5 mai 2026

Massacre de doungouro : les vdp accusés d’exactions meurtrières au Niger

Dans un village isolé de la région de Tillabéri, au Niger, une double tragédie a endeuillé la communauté de Doungouro. Le 4 mai 2026, une attaque terroriste attribuée à l’État Islamique au Grand Sahara (EIGS) a coûté la vie à quatre civils. Mais le pire était à venir : l’intervention des Volontaires pour la Défense de la Patrie (VDP) a transformé cette journée en un bain de sang, avec 28 morts supplémentaires, majoritairement des civils innocents.

une attaque éclair et ses conséquences dévastatrices

À l’aube, alors que le marché de Doungouro s’apprêtait à s’animer, des combattants de l’EIGS ont fait irruption. Armés et déterminés, ils ont semé la panique en abattant quatre civils avant de s’emparer du bétail local et de disparaître vers la frontière malienne. Une opération rapide, mais dont l’impact serait bien plus durable que prévu. Ce raid a révélé une fois de plus les failles sécuritaires de la zone des trois frontières, malgré les assurances des autorités de Niamey.
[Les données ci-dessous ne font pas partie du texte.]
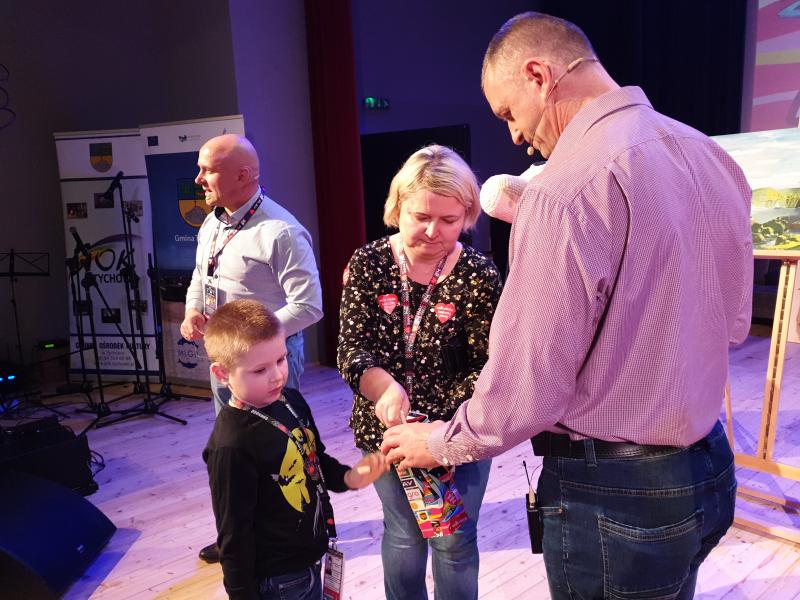 28. Finał WOŚP w Tychowie - zlicytowano złote serduszko.  Padł rekord zbiórki! ZDJĘCIA 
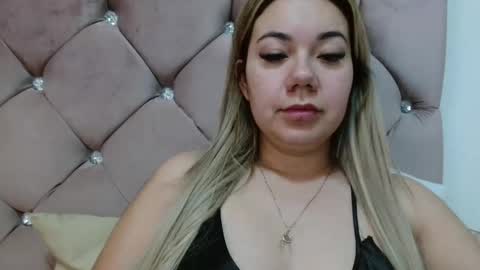 caroo0615 online show from 10-28-25, 04:20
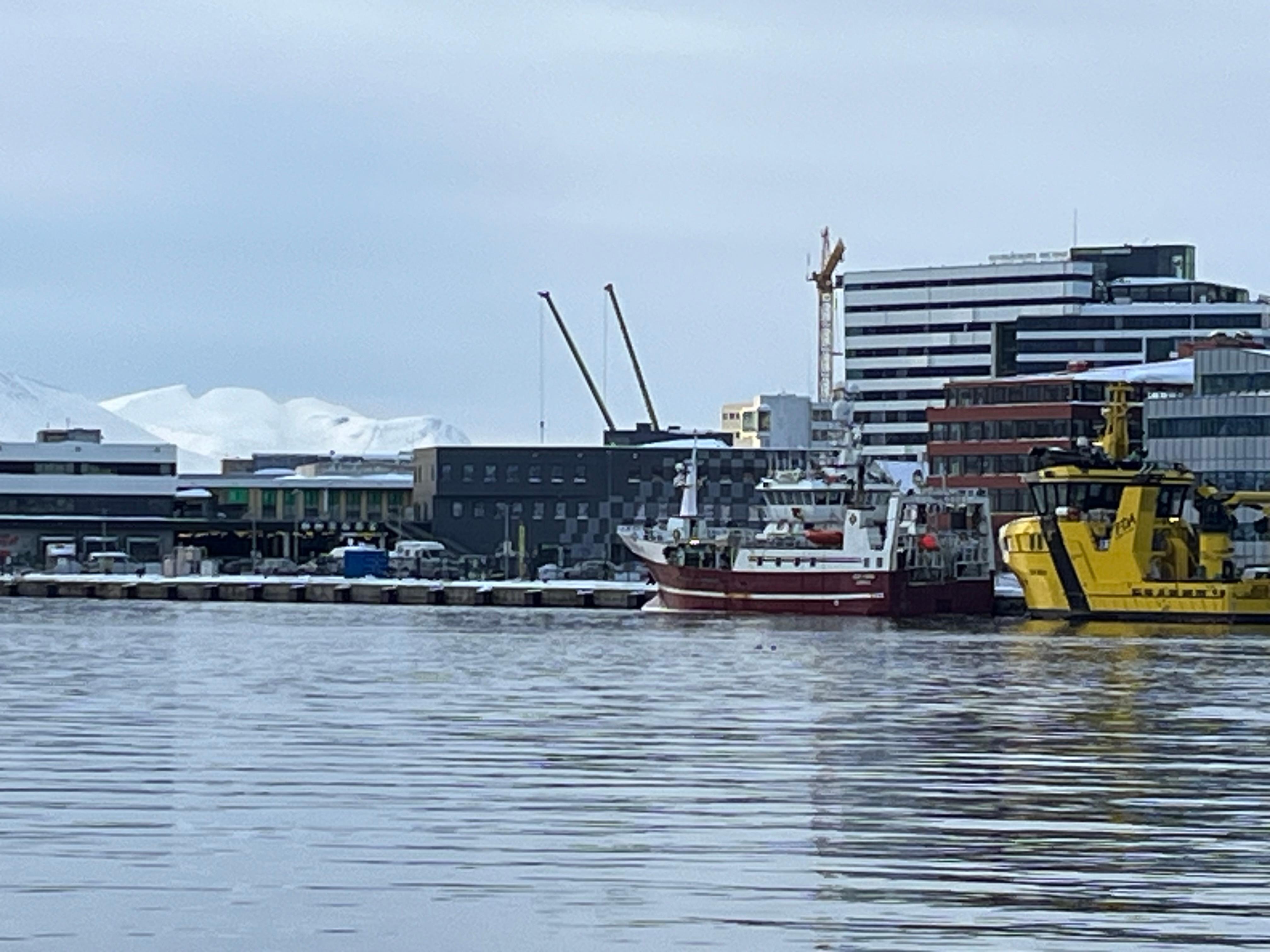 Hotel vom Schiff aus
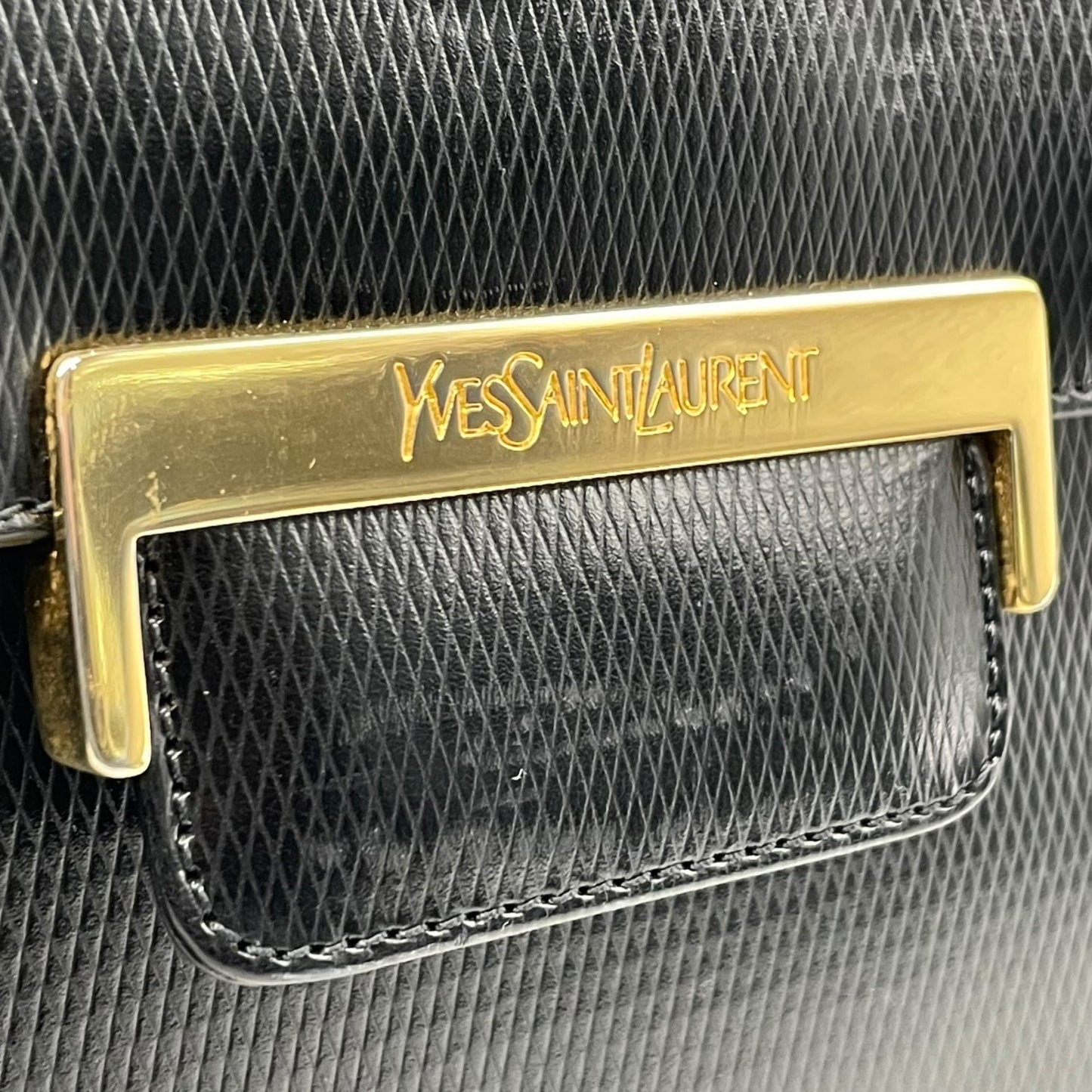 美品 Yves Saint Laurent イヴサンローラン ハンドバッグ 黒 ブラック レザー 本革 ゴールド金具 トップハンドル フラップ開閉 手提げ ロゴ フォーマル レディース ヴィンテージ A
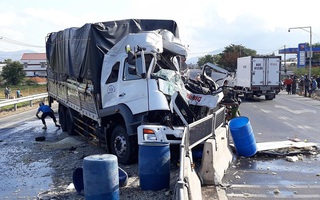 Xe máy va chạm xe tải chở vật liệu xây dựng, 2 nữ sinh tử vong tại chỗ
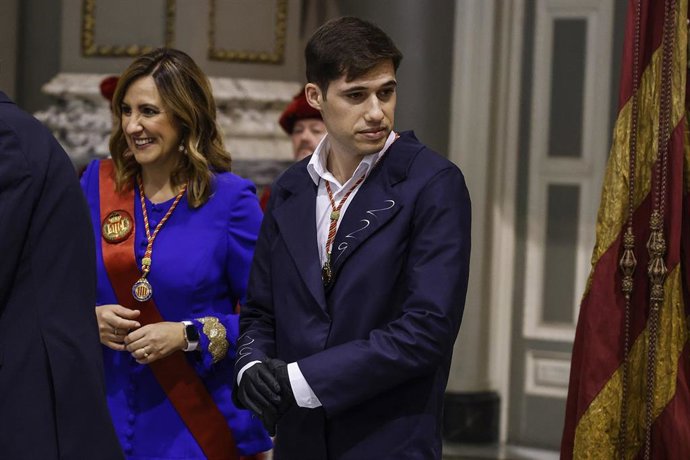 Archivo - La alcaldesa de Valencia, María José Catalá, y el portavoz del PSOE del Ayuntamiento, Borja Sanjuan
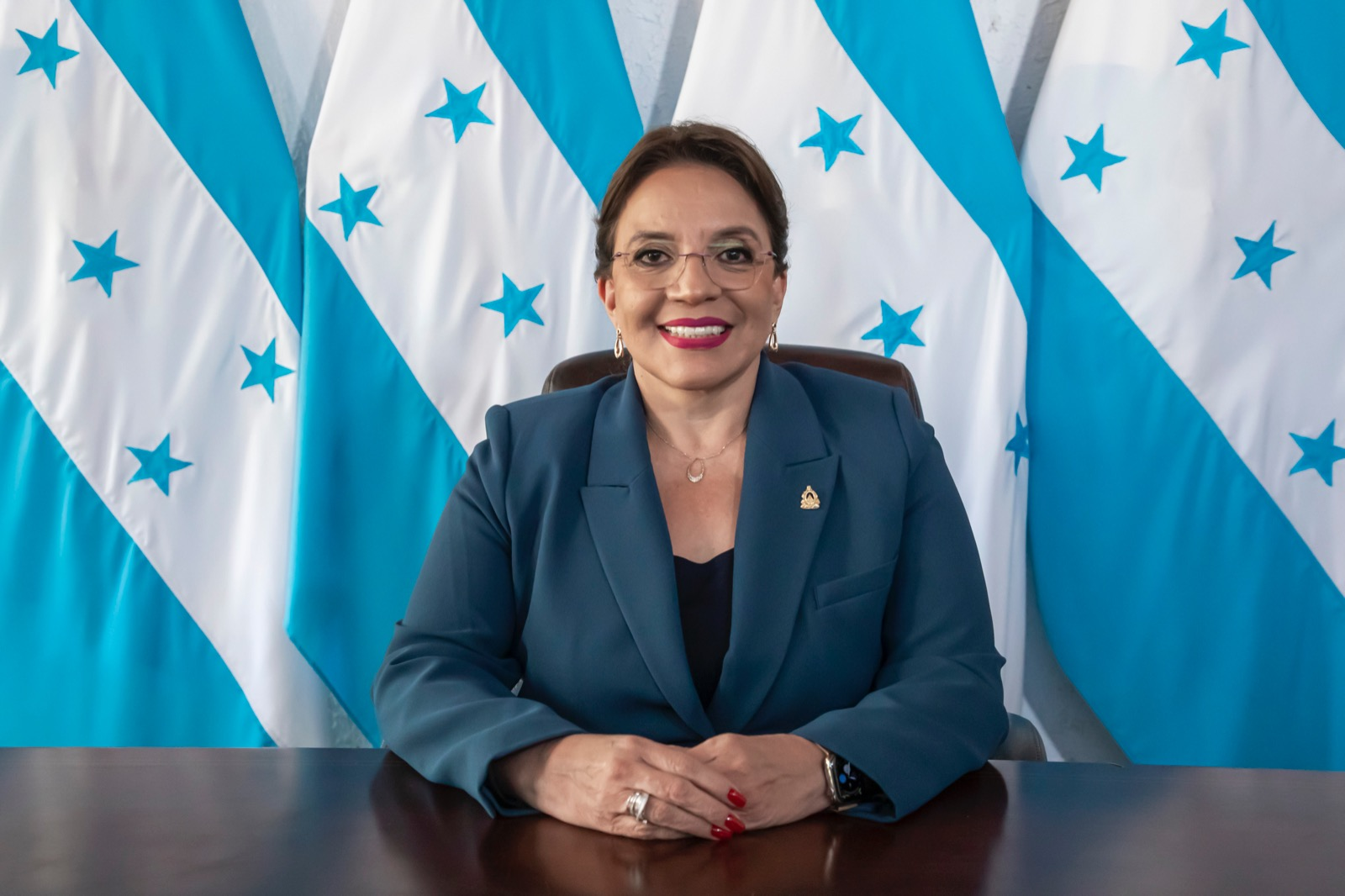 Xiomara Castro saluda a España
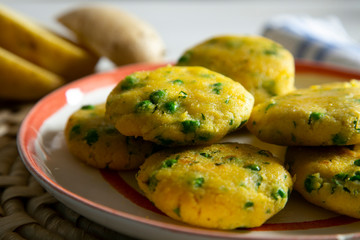  Potato cupcakes with peas and lime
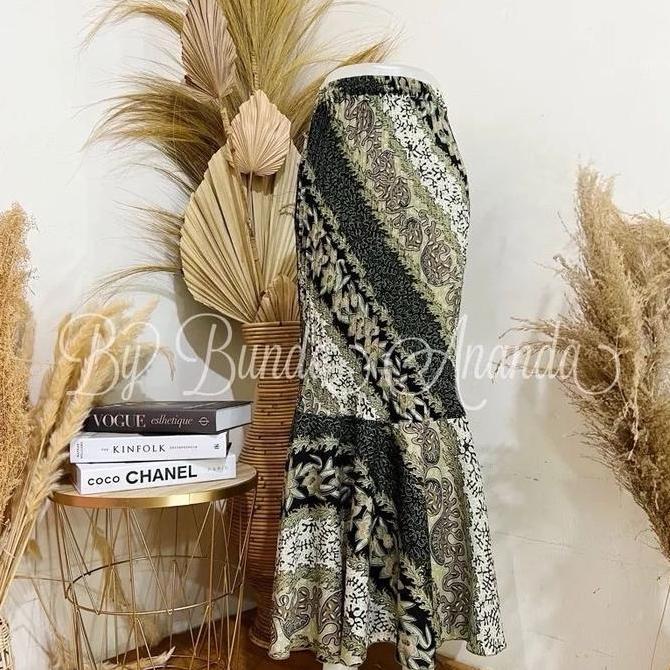 Rok Batik Plisket Duyung / Rok Duyung Plisket Batik Pesta Bawahan Panjang Wanita Hitam Semi Silk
les vdp, ou l’effondrement de la protection civile

Alertés par l’attaque, les VDP de Kokorou se sont rendus sur place. Au lieu d’apporter une aide salvatrice, ces miliciens, surnommés localement DomolLeydi, ont déclenché une véritable chasse à l’homme. Leur critère ? Le port du turban, symbole vestimentaire des commerçants et pasteurs de la région. Sans distinction ni vérification, ils ont ouvert le feu sur toute personne portant ce vêtement traditionnel, tuant 28 civils, dont plusieurs commerçants originaires de Téra.

Les témoignages recueillis décrivent une exécution sommaire de masse : les VDP tiraient sans hésitation sur quiconque portait un turban, sans chercher à identifier d’éventuels complices des terroristes. Un habitant survivant a rapporté que les miliciens ont tiré sur tout ce qui bougeait, sans poser de questions.

un système sécuritaire au bord de l’implosion

Cette tragédie met en lumière les dangers d’une stratégie sécuritaire reposant sur des milices civiles mal encadrées. Officiellement reconnues, les VDP opèrent souvent sans supervision militaire stricte, ce qui favorise les dérives. À Doungouro, le profilage ethnique et vestimentaire est devenu la norme, transformant ces groupes en une menace pour les populations qu’ils sont censés protéger.

Depuis le coup d’État, les autorités de Niamey encouragent les civils à se défendre eux-mêmes. Pourtant, armer des citoyens sans leur inculquer les principes du droit international humanitaire est une recette pour l’échec. Les exactions des VDP ne sont malheureusement pas des cas isolés : elles s’inscrivent dans une série de bavures qui sapent la confiance entre les populations et les forces de sécurité.

l’urgence d’une réforme en profondeur

En s’attaquant à des civils innocents, les VDP ne font qu’aggraver l’insécurité et poussent certaines communautés vers les groupes armés terroristes, qui se présentent alors comme des protecteurs. Le Niger ne peut remporter cette guerre contre le terrorisme en se retournant contre son propre peuple.

Il est impératif que le gouvernement de transition mène une enquête indépendante sur les événements de Doungouro et sanctionne les responsables des exécutions sommaires. La stratégie sécuritaire doit être revue : les VDP ne doivent plus intervenir sans la présence directe des forces régulières, et le profilage ethnique ou vestimentaire doit cesser. Sinon, Doungouro restera un symbole tragique d’une dérive où l’État, par ses milices, cause plus de mal que les terroristes eux-mêmes. Les familles des 32 victimes méritent des réponses. Ces morts ne sont pas des dommages collatéraux, mais des victimes d’une politique sécuritaire défaillante.